“It’s funny,” he said, “to think I only saw you yesterday, and that we got married this morning. Seems as if you’d been here for years and years. Does it seem awful strange to you, honey?”
“No,” said Annie. “No, it doesn’t. It is queer, but all the way here, and when I come into the house, I had a sense of having been here before sometime; kind of as if it was my home all along and I hadn’t known about it.”
“So it was—and if I hadn’t ever met you I’d been an old bach all my life.”
“Yes, you would.”
“Yes, I wouldn’t.”
They were both laughing now. He got up and stretched himself.
“Well, Mrs. Dean,” he said, “I gotta go out and fix my disker, and you gotta come along. I don’t want to let you out of my sight. You might fly off somewhere, and I’d never find you again.”
“Don’t you worry about that. You couldn’t lose me if you tried.”
They went through the kitchen, and there a tall gaunt old coloured man rose and bowed respectfully. He and Aunt Dolcey were having their own dinner at the kitchen table.
“This here’s Unc’ Zenas,” said Wesley. “He’s Aunt Dolcey’s husband, and helps me on the place.”
And again Annie saw, this time in the old man’s eyes, the flicker of sympathy and apprehension that she had marked in Aunt Dolcey’s.
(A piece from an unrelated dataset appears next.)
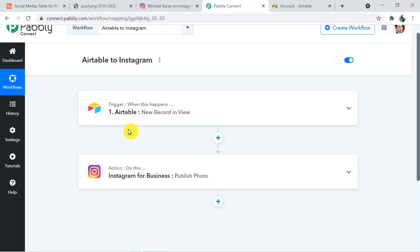Not just these two applications — you can integrate multiple applications and automate your business with Pabbly Connect. The link of Pabbly Connect and this workflow is given in the description. For any queries, contact us at admin@pabbly.com. If you found this video helpful, don't forget to like, share, and subscribe to our channel. Thank you so much for watching.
“And right glad to welcome y’, Missy,” said Unc’ Zenas. “We didn’ ‘spect Marse Wes to bring home a wife whenas he lef’, but that ain’ no sign that it ain’ a mighty fine thing.”
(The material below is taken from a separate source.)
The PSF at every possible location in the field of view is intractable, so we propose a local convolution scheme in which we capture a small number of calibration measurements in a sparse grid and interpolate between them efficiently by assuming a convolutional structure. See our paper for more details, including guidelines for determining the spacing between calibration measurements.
They went out into the mellow spring day. Wesley Dean, now in his blue overalls and working shirt, became a king in his own domain, a part of the fair primitiveness about them. It was as if he had sprung from this dark fertile soil, was made of its elements, at one with it. Here he belonged, and the very spring of the earth beneath his feet was repeated in the measured beating of his blood. The land could not warp or break him, as it does so many, for he belonged to it as essentially and as completely as it belonged to him. Dimly the little town girl beside him felt this, and dimly she hoped that she, too, might prove to be of the same mould.
“Look at the barn, and the stables, and the corncrib,” he was saying. “See how they’re all built? Hand-hewn logs chinked with plaster. Great-granddad built them all, helped by his two slaves. That’s all the slaves he had, just two and one of ’em was Unc’ Zenas’s grandfather. Everything’s strong and sound as the day he finished it.”
“That one looks newer,” said Annie, pointing.
Wesley looked a little shamefaced, as does every typical Anglo-Saxon discovered in sentiment.
“I built that,” he confessed. “It’s a chicken house. Somehow I didn’t want to go down to the sawmill and get planks and build with ’em ’mongst all these old log things. So I got the logs out in the woods and build same as great-granddad. Maybe it was foolish, but I couldn’t help it.”